_Short web captions_:
****

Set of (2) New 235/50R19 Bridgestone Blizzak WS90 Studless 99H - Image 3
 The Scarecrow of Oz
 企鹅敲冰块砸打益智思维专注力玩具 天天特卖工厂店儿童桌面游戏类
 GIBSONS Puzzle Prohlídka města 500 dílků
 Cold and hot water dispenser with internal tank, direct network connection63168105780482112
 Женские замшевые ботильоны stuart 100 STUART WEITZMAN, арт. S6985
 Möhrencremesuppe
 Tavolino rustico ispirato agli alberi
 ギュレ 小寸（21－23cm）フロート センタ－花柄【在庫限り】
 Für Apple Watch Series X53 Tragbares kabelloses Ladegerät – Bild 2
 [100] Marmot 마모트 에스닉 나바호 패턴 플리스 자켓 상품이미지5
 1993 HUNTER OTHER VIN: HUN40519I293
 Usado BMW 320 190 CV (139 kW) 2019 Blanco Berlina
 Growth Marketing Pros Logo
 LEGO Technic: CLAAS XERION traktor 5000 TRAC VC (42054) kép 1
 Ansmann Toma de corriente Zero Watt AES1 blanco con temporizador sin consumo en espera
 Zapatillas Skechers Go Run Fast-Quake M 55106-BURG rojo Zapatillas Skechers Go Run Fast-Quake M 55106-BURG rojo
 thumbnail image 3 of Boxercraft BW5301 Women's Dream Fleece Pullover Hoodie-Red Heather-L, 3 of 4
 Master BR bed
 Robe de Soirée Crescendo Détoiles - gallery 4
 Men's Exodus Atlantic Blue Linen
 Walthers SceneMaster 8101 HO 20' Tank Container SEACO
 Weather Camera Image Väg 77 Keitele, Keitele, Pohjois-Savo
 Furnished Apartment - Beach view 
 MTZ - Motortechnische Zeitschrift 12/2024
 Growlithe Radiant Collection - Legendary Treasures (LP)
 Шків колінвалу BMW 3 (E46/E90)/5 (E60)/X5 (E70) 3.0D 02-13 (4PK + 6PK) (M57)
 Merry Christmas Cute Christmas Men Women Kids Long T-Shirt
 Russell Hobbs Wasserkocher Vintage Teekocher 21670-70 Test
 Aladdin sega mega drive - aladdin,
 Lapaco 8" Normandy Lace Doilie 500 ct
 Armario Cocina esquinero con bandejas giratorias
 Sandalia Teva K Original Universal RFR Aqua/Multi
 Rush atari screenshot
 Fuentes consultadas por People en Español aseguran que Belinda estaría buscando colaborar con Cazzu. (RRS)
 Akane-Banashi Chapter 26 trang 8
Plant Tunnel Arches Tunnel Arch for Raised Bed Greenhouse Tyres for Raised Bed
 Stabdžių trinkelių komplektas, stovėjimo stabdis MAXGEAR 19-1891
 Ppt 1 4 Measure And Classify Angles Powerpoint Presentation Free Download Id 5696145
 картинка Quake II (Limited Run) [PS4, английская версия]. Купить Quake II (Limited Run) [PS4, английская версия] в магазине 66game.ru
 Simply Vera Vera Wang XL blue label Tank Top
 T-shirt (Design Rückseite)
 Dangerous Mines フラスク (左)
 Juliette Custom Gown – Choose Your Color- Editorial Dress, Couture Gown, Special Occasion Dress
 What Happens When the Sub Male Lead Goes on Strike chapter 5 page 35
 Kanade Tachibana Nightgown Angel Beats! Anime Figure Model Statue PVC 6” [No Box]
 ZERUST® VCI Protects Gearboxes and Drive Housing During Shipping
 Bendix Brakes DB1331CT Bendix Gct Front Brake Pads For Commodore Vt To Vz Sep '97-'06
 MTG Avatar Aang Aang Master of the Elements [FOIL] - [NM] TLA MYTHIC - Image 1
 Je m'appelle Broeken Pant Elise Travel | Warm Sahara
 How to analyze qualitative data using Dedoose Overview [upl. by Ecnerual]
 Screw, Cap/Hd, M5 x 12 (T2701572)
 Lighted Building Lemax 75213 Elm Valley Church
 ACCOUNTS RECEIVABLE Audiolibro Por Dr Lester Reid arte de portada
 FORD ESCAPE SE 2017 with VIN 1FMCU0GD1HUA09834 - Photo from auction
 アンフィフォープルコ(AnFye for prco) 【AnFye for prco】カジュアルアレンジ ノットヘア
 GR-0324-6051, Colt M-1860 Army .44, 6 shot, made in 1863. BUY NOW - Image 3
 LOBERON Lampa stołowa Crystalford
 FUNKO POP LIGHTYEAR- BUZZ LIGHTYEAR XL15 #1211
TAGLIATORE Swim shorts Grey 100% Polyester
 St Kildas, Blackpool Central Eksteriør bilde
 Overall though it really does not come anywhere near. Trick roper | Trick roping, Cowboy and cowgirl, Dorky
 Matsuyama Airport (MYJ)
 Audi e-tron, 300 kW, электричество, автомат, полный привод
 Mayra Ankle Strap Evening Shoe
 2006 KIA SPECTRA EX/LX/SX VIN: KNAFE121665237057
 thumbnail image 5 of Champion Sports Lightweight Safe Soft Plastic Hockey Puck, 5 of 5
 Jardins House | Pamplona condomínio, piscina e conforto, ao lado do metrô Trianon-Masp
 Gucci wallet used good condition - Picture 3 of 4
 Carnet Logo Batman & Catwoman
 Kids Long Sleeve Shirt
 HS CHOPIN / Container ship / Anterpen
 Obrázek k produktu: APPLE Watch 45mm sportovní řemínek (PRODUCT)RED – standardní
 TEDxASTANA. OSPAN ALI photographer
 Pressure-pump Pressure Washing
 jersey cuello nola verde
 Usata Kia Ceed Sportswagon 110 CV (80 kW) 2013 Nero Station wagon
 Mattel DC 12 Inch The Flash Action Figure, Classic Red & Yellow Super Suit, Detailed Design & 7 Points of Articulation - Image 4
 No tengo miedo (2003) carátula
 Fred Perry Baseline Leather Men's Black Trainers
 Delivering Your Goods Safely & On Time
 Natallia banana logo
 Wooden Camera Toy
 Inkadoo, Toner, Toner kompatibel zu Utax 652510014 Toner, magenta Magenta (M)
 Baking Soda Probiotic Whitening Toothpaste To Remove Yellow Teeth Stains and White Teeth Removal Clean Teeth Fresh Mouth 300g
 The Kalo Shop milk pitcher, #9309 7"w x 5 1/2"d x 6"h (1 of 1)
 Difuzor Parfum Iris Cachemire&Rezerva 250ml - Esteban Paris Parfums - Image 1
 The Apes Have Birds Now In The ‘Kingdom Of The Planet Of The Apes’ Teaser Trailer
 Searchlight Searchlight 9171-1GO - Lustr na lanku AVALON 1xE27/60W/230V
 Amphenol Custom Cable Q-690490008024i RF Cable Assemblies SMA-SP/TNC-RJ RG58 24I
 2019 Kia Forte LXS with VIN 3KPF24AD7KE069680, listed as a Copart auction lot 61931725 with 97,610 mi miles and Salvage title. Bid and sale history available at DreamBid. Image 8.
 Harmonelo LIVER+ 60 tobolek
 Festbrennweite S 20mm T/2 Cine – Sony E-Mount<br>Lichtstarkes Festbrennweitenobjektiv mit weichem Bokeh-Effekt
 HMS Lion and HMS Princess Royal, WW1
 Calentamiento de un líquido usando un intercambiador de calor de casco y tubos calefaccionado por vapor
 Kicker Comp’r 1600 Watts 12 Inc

****

_Problem description_: Transcribe the records above exactly.

_Reply to the task_:
Set of (2) New 235/50R19 Bridgestone Blizzak WS90 Studless 99H - Image 3
 The Scarecrow of Oz
 企鹅敲冰块砸打益智思维专注力玩具 天天特卖工厂店儿童桌面游戏类
 GIBSONS Puzzle Prohlídka města 500 dílků
 Cold and hot water dispenser with internal tank, direct network connection63168105780482112
 Женские замшевые ботильоны stuart 100 STUART WEITZMAN, арт. S6985
 Möhrencremesuppe
 Tavolino rustico ispirato agli alberi
 ギュレ 小寸（21－23cm）フロート センタ－花柄【在庫限り】
 Für Apple Watch Series X53 Tragbares kabelloses Ladegerät – Bild 2
 [100] Marmot 마모트 에스닉 나바호 패턴 플리스 자켓 상품이미지5
 1993 HUNTER OTHER VIN: HUN40519I293
 Usado BMW 320 190 CV (139 kW) 2019 Blanco Berlina
 Growth Marketing Pros Logo
 LEGO Technic: CLAAS XERION traktor 5000 TRAC VC (42054) kép 1
 Ansmann Toma de corriente Zero Watt AES1 blanco con temporizador sin consumo en espera
 Zapatillas Skechers Go Run Fast-Quake M 55106-BURG rojo Zapatillas Skechers Go Run Fast-Quake M 55106-BURG rojo
 thumbnail image 3 of Boxercraft BW5301 Women's Dream Fleece Pullover Hoodie-Red Heather-L, 3 of 4
 Master BR bed
 Robe de Soirée Crescendo Détoiles - gallery 4
 Men's Exodus Atlantic Blue Linen
 Walthers SceneMaster 8101 HO 20' Tank Container SEACO
 Weather Camera Image Väg 77 Keitele, Keitele, Pohjois-Savo
 Furnished Apartment - Beach view 
 MTZ - Motortechnische Zeitschrift 12/2024
 Growlithe Radiant Collection - Legendary Treasures (LP)
 Шків колінвалу BMW 3 (E46/E90)/5 (E60)/X5 (E70) 3.0D 02-13 (4PK + 6PK) (M57)
 Merry Christmas Cute Christmas Men Women Kids Long T-Shirt
 Russell Hobbs Wasserkocher Vintage Teekocher 21670-70 Test
 Aladdin sega mega drive - aladdin,
 Lapaco 8" Normandy Lace Doilie 500 ct
 Armario Cocina esquinero con bandejas giratorias
 Sandalia Teva K Original Universal RFR Aqua/Multi
 Rush atari screenshot
 Fuentes consultadas por People en Español aseguran que Belinda estaría buscando colaborar con Cazzu. (RRS)
 Akane-Banashi Chapter 26 trang 8
Plant Tunnel Arches Tunnel Arch for Raised Bed Greenhouse Tyres for Raised Bed
 Stabdžių trinkelių komplektas, stovėjimo stabdis MAXGEAR 19-1891
 Ppt 1 4 Measure And Classify Angles Powerpoint Presentation Free Download Id 5696145
 картинка Quake II (Limited Run) [PS4, английская версия]. Купить Quake II (Limited Run) [PS4, английская версия] в магазине 66game.ru
 Simply Vera Vera Wang XL blue label Tank Top
 T-shirt (Design Rückseite)
 Dangerous Mines フラスク (左)
 Juliette Custom Gown – Choose Your Color- Editorial Dress, Couture Gown, Special Occasion Dress
 What Happens When the Sub Male Lead Goes on Strike chapter 5 page 35
 Kanade Tachibana Nightgown Angel Beats! Anime Figure Model Statue PVC 6” [No Box]
 ZERUST® VCI Protects Gearboxes and Drive Housing During Shipping
 Bendix Brakes DB1331CT Bendix Gct Front Brake Pads For Commodore Vt To Vz Sep '97-'06
 MTG Avatar Aang Aang Master of the Elements [FOIL] - [NM] TLA MYTHIC - Image 1
 Je m'appelle Broeken Pant Elise Travel | Warm Sahara
 How to analyze qualitative data using Dedoose Overview [upl. by Ecnerual]
 Screw, Cap/Hd, M5 x 12 (T2701572)
 Lighted Building Lemax 75213 Elm Valley Church
 ACCOUNTS RECEIVABLE Audiolibro Por Dr Lester Reid arte de portada
 FORD ESCAPE SE 2017 with VIN 1FMCU0GD1HUA09834 - Photo from auction
 アンフィフォープルコ(AnFye for prco) 【AnFye for prco】カジュアルアレンジ ノットヘア
 GR-0324-6051, Colt M-1860 Army .44, 6 shot, made in 1863. BUY NOW - Image 3
 LOBERON Lampa stołowa Crystalford
 FUNKO POP LIGHTYEAR- BUZZ LIGHTYEAR XL15 #1211
TAGLIATORE Swim shorts Grey 100% Polyester
 St Kildas, Blackpool Central Eksteriør bilde
 Overall though it really does not come anywhere near. Trick roper | Trick roping, Cowboy and cowgirl, Dorky
 Matsuyama Airport (MYJ)
 Audi e-tron, 300 kW, электричество, автомат, полный привод
 Mayra Ankle Strap Evening Shoe
 2006 KIA SPECTRA EX/LX/SX VIN: KNAFE121665237057
 thumbnail image 5 of Champion Sports Lightweight Safe Soft Plastic Hockey Puck, 5 of 5
 Jardins House | Pamplona condomínio, piscina e conforto, ao lado do metrô Trianon-Masp
 Gucci wallet used good condition - Picture 3 of 4
 Carnet Logo Batman & Catwoman
 Kids Long Sleeve Shirt
 HS CHOPIN / Container ship / Anterpen
 Obrázek k produktu: APPLE Watch 45mm sportovní řemínek (PRODUCT)RED – standardní
 TEDxASTANA. OSPAN ALI photographer
 Pressure-pump Pressure Washing
 jersey cuello nola verde
 Usata Kia Ceed Sportswagon 110 CV (80 kW) 2013 Nero Station wagon
 Mattel DC 12 Inch The Flash Action Figure, Classic Red & Yellow Super Suit, Detailed Design & 7 Points of Articulation - Image 4
 No tengo miedo (2003) carátula
 Fred Perry Baseline Leather Men's Black Trainers
 Delivering Your Goods Safely & On Time
 Natallia banana logo
 Wooden Camera Toy
 Inkadoo, Toner, Toner kompatibel zu Utax 652510014 Toner, magenta Magenta (M)
 Baking Soda Probiotic Whitening Toothpaste To Remove Yellow Teeth Stains and White Teeth Removal Clean Teeth Fresh Mouth 300g
 The Kalo Shop milk pitcher, #9309 7"w x 5 1/2"d x 6"h (1 of 1)
 Difuzor Parfum Iris Cachemire&Rezerva 250ml - Esteban Paris Parfums - Image 1
 The Apes Have Birds Now In The ‘Kingdom Of The Planet Of The Apes’ Teaser Trailer
 Searchlight Searchlight 9171-1GO - Lustr na lanku AVALON 1xE27/60W/230V
 Amphenol Custom Cable Q-690490008024i RF Cable Assemblies SMA-SP/TNC-RJ RG58 24I
 2019 Kia Forte LXS with VIN 3KPF24AD7KE069680, listed as a Copart auction lot 61931725 with 97,610 mi miles and Salvage title. Bid and sale history available at DreamBid. Image 8.
 Harmonelo LIVER+ 60 tobolek
 Festbrennweite S 20mm T/2 Cine – Sony E-Mount<br>Lichtstarkes Festbrennweitenobjektiv mit weichem Bokeh-Effekt
 HMS Lion and HMS Princess Royal, WW1
 Calentamiento de un líquido usando un intercambiador de calor de casco y tubos calefaccionado por vapor
 Kicker Comp’r 1600 Watts 12 Inc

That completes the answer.